WASHINGTON (AFP) Iran can never conquer Iraq and is even stirring a Shiite “backlash” there by backing militias fighting the Iraqi government and US-led troops, the US ambassador to Baghdad said here Friday.
“The Iranians are not going to take over Iraq,” Ambassador Ryan Crocker told reporters after his testimony this week before Congressman who voiced concern about Iran’s influence, especially in recent fighting.
“And my sense is the harder they push the more resistance they encounter,” Crocker said, referring to Shiite Muslim but non-Arab Iran.
His comments stood in sharp contrast to those Thursday from US President George W. Bush who lumped Iran with Sunni Al-Qaeda as “two of the greatest threats to America in this new century” and said both hoped for a US defeat in Iraq.
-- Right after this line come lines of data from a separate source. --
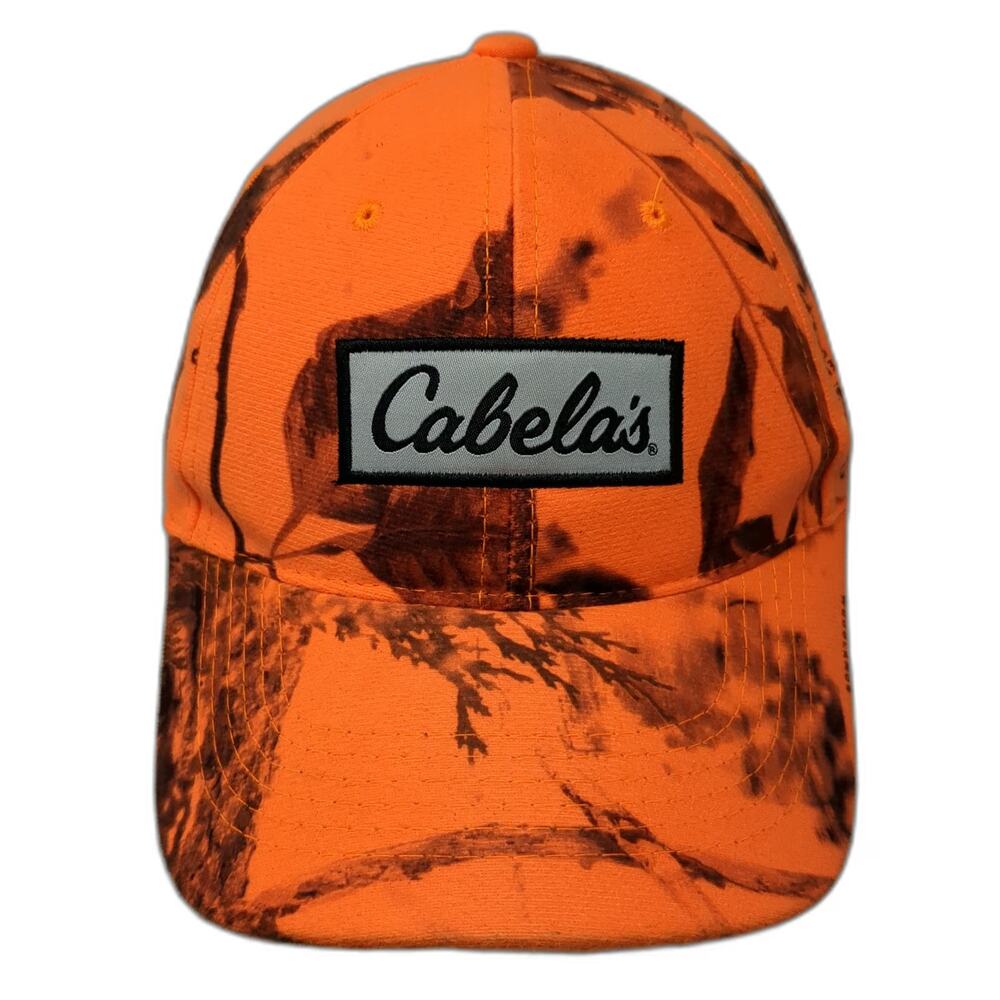 Cabela's Baseball Cap Orange One Size Camo Zonz Woodlands Strapback Hunting Hat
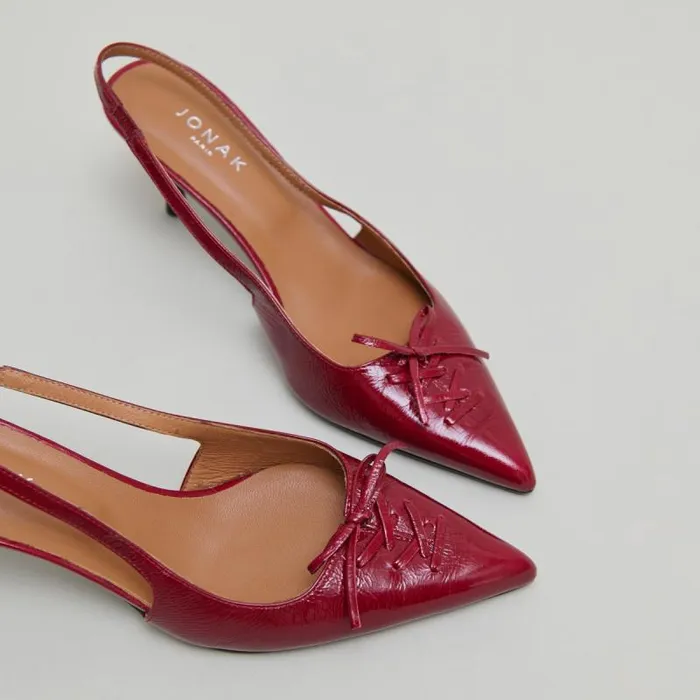 Women Pumps With Open Backs Dark Red JONAK Slingbacks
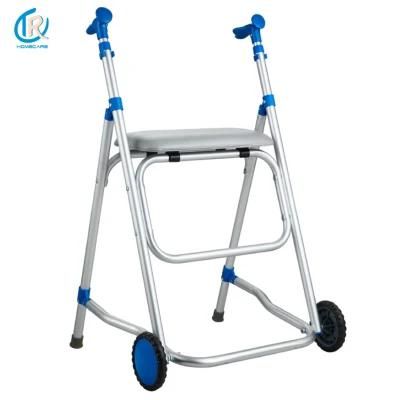 Folding Aluminium Frame Rollator Walker, Linghtweight Medical Walker with 2 Wheels and Paade Seat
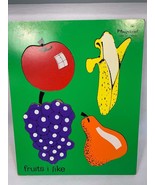 Vintage Playskool Wood Puzzle Fruits I Like 155AN-18 Complete Children&#39;s... - £9.41 GBP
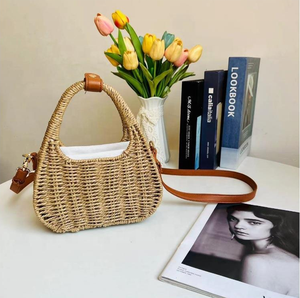 Borsa da <span class=keywords><strong>donna</strong></span> estiva da spiaggia borsa da Shopping fatta a mano in paglia borsa da viaggio in paglia mini borsa - Product Image 3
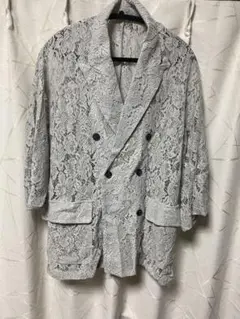 CLEL】ユニセックス ルーズ コードレース半袖ダブルテーラード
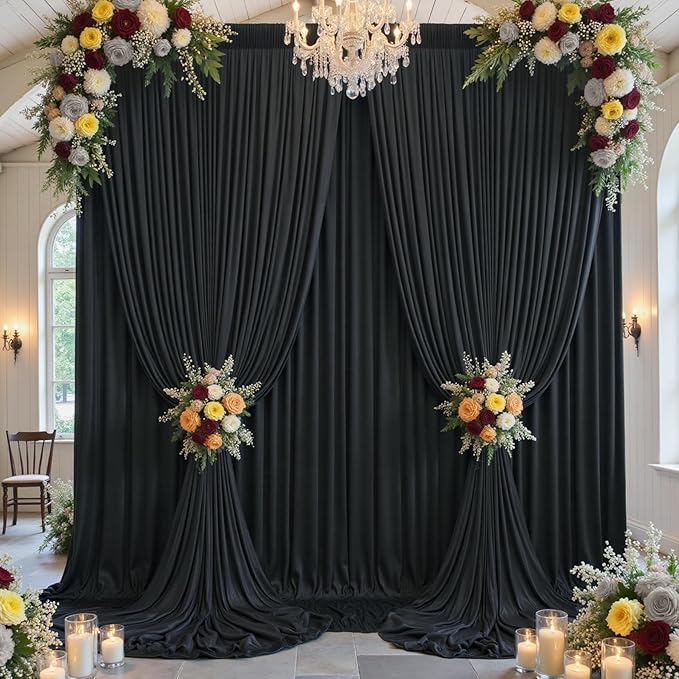 30x12ft Wrinkle Free Black Backdrop Curtain for Wedding Parties, 6 Panels 5×12 ft Long Soft Silky Polyester Fabric Backdrop Drapes Black Photo Back Drop Curtains for Party Photography Background Cloth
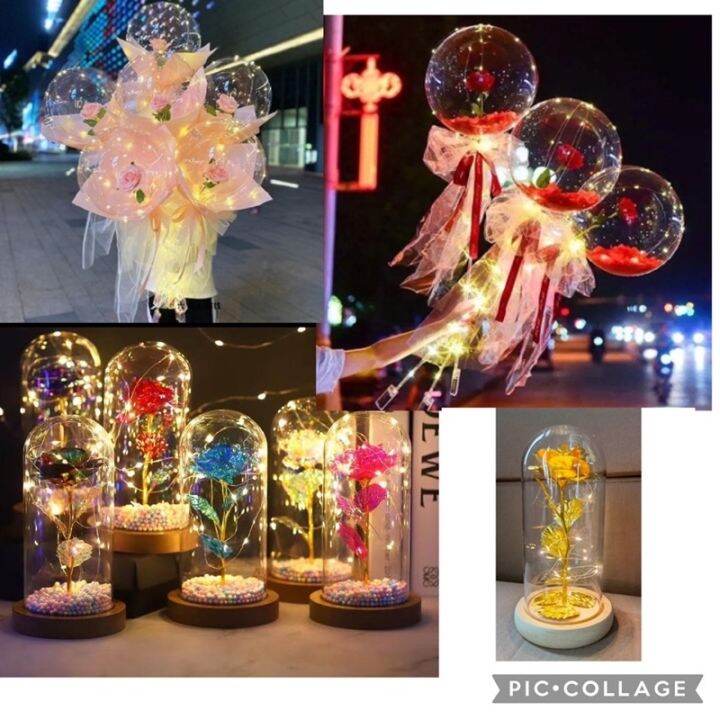 DIY ROSE FLOWER WITH LED LIGHT Led Light Rose Artificial in Glass Dome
Bush, whose warning came in a speech defending the war, coupled the rhetorical blast with a clear warning that he would not hesitate to use force if the Islamic republic targets US interests in its strife-torn neighbor.
But Crocker gave a different impression during an informal question-and-answer session to the State Department Correspondents Association at a Washington hotel.
“No one is talking about a war with Iran. I want to make sure that is not the headline here,” Crocker said before heading back to Baghdad via stops in Britain and Saudi Arabia.
“Iran’s influence is limited in Iraq…,” he said recalling a history of differences between non-Arab but mainly Shiite Muslim Iran and Iraq, which is an Arab country with a Shiite majority.
“And what we may have seen after these recent developments and the backlash it has created against the militias and against Iran, it may be more limited even than it was,” Crocker said.
He was recalling the offensive launched by Iraqi Prime Minister Nuri al-Maliki, a Shiite, in the southern Iraqi city of Basra against Shiite militias backed by Iran.
General David Petraeus, the top US commander in Iraq who also testified to Congress this week, blamed Iran for a flare-up of violence in Baghdad and Basra and for training, arming and funding militants he called “special groups.”
“Unchecked, the special groups pose the greatest long-term threat to the viability of a democratic Iraq,” Petraeus said.
In his testimony before Congress, Crocker charged that Iran was pursuing a “Lebanization strategy,” co-opting elements of the local Shia community to use as instruments of Iranian force.
But he also said there were limits to what Iran and its ally Arab Syria can do, which he re-emphasized on Friday.
Crocker said Iraq is a bigger country, with a different history, including the bitter Iran-Iraq war from 1980 to 1988 where Iraqi Shiites were part of an army that fought Iranian troops.